Petitioner thereupon filed on April 6, 1963 the petition for review in these cases, appealing to this Court upon a question of law. Appellant in this petition does not anymore seek the ejectment of respondents tenants but only an order of execution for the payment of the balance in the 1961-62 rentals. Appellant contends that her motions for execution were timely, not premature. She argues that, contrary to the orders under review, the amicable settlement does not require her to wait for crop year 1963-64 to expire before she can ask for execution with respect to the rentals for crop year 1961-62.

The plain terms and conditions of the amicable settlement support the above contention. The rentals corresponding to the crop years 1961-62, 1962-63 and 1963-64 are specified in said compromise agreement. As indicated, it is provided therein that said rentals are payable "on or before the harvest" of each respective crop year; and, that upon failure of the lessee-tenant to fully pay any of the installments agreed upon, the landowner shall immediately be entitled to ask for the execution of the judgment rendered by the court pursuant to the amicable settlement. It is clear from all the above provisions that the landowner can, in case of non-payment, ask for execution as to the 1961-62 rentals without awaiting the end of crop years 1962-63 and 1963-64. Since non-payment of the demanded balance in the rentals for 1961-62 is not in dispute, execution for the same is in order.

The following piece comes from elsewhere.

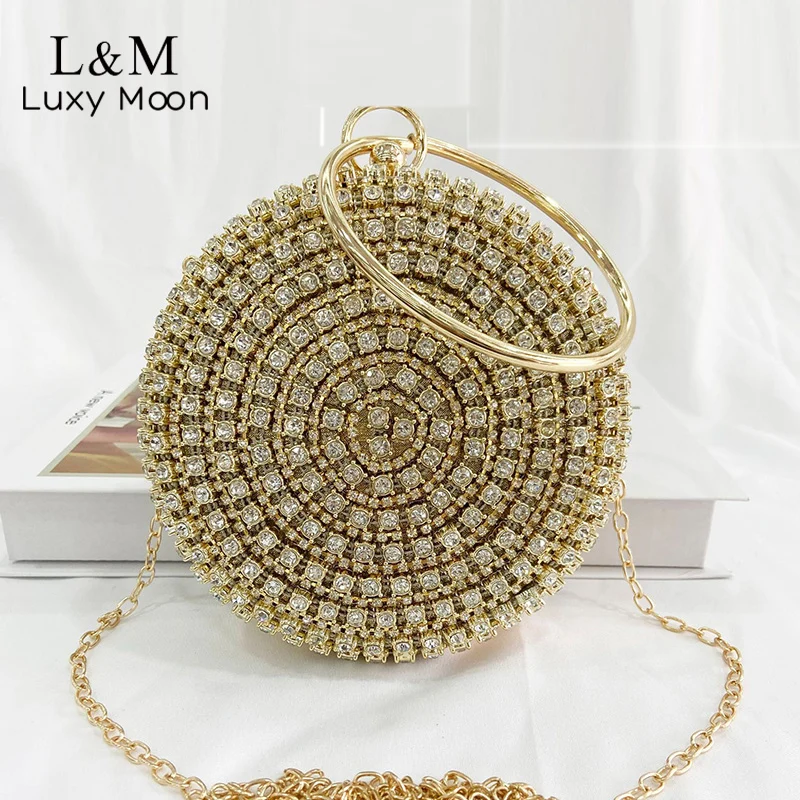 

Women's Rhinestone Round Clutch Purses And Handbags Luxury Wedding Metal Designer Bag Lady Banquet Exquisite Evening Bag X573H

Respondents lessees-tenants would, however, urge the argument that the amicable settlement is a new agreement so that a violation of its terms is a new cause of action which must be redressed by a new suit, not a mere motion for execution. Such a view is erroneous. For it takes no account of the nature and effects of a judgment rendered upon a compromise agreement. In Serrano v. Miave, L-14678, March 31, 1965, this Court said of a judgment upon a compromise: "It is in the nature of a contract and is in effect an admission by the parties that the judgment is a just determination of their rights on the facts of the case, had they been proved. Even more than a contract (which may be enforced by ordinary action for specific performance), the compromise agreement is port and parcel of the judgment, and may, therefore, be enforced as such by a writ of execution." (Emphasis supplied)

WHEREFORE, the orders of the Court of Agrarian Relations denying the motions for execution are hereby reversed and the execution of the decision in Cases Nos. 1558 and 1559 therein, with respect to payments of unpaid rentals for crop year 1961-62, is hereby ordered. No costs. So ordered.

Concepcion, C.J., J.B.L. Reyes, Barrera, Dizon, Regala, Makalintal, Zaldivar, Sanchez and Castro, JJ., concur.